Penanda bertuliskan padukuhan Mojo Sari menyambut Gajah Mada saat masuk ke dalamnya. Keramaian khas pedesaan membentuk suasana tersendiri.

Beberapa gadis desa berbisik-bisik kala Gajah Mada melintas di hadapan mereka. Seorang di antaranya, bahkan hampir menjatuhkan keranjang cuciannya.

"Apakah itu pangeran berkuda yang hendak melamarku?" Pikir gadis itu sambil senyum-senyum.

"Hendak ke mana, kang?" Gadis lain menyapa malu-malu.

Gajah Mada melewati mereka begitu saja. Melempar tatapan sekilas pada mereka. Tanpa senyum, seperti biasa.

Gadis-gadis itu menjerit kecil. "Lihat, lihat! Dia menengok!"

"Dia menatapkuu! Aduh biuuung!" Klaim temannya, wajahnya bersemu.

Pandangan Gajah Mada terus menyisir seluruh desa.
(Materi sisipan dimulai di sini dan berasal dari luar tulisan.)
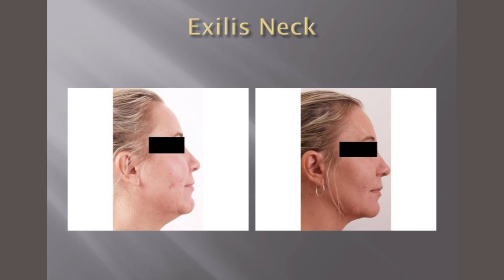It usually takes a series of treatments — three to five treatments — with these devices to get a good result. This is the Exalis treatment. It's a non-invasive tissue tightening procedure. It kind of feels like a hot stone massage, and it tightens the skin.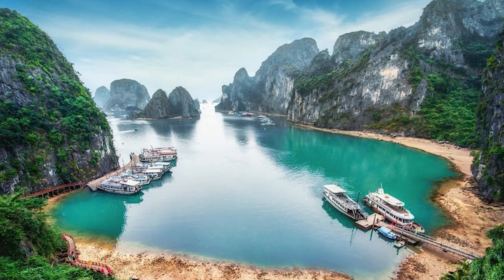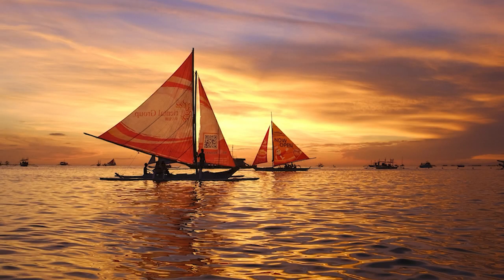Offering adrenaline-fueled activities like cliff jumping, paddleboarding, and kayaking, Diniwid Beach also does justice for the adventure seekers.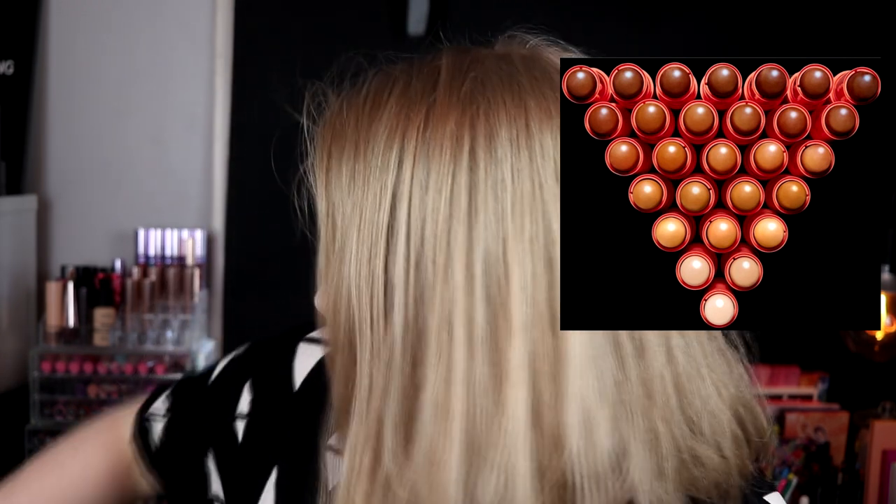Now I'm going to talk about three foundations. One is the Juvia's Place stick foundation, which I really really wanted, but now I don't want it because it's full coverage. I actually bought another stick foundation — the Milk Flex Foundation Stick — a couple of weeks ago. I've come to realize the Juvia's Place one is too thick and full coverage for me, so I'm not going to buy it.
Barangkali, yang dicarinya ada di sini. Menyelip di antara keramaian desa, mungkin?

Namun nihil. Yang nampak justru beberapa anak kecil yang sedang asyik mengejar capung.

Dan, gadis lagi.

Anak kecil lagi.

Orang tua.

Gadis.

Anak kecil.

Gadis.

Ah, sudahlah.

"Kalau jalan itu waspada, Kisanak!"

Gajah Mada terhenyak. Kekang kudanya spontan ditarik. Kuda itu berhenti.

Seorang pedagang, kelihatannya begitu, karena ada beberapa orang berkerumun dan sedang melakukan transaksi dengannya, memunculkan raut sebal terhadap Gajah Mada. "Hampir saja kudamu itu menghancurkan ukiran-ukiranku. Semberono sekali kau Kisanak!"

Pedagang itu mencak-mencak. Tangannya membenahi letak barang dagangannya yang berantakkan terserempet kuda.

Gajah Mada memandang lelaki itu sebentar. "Maaf, paman. Saya tidak sengaja," katanya berusaha seramah mungkin. Namun tetap saja datar. Senyum tipis di sudut bibirnya yang sedikit mencairkan kebekuan.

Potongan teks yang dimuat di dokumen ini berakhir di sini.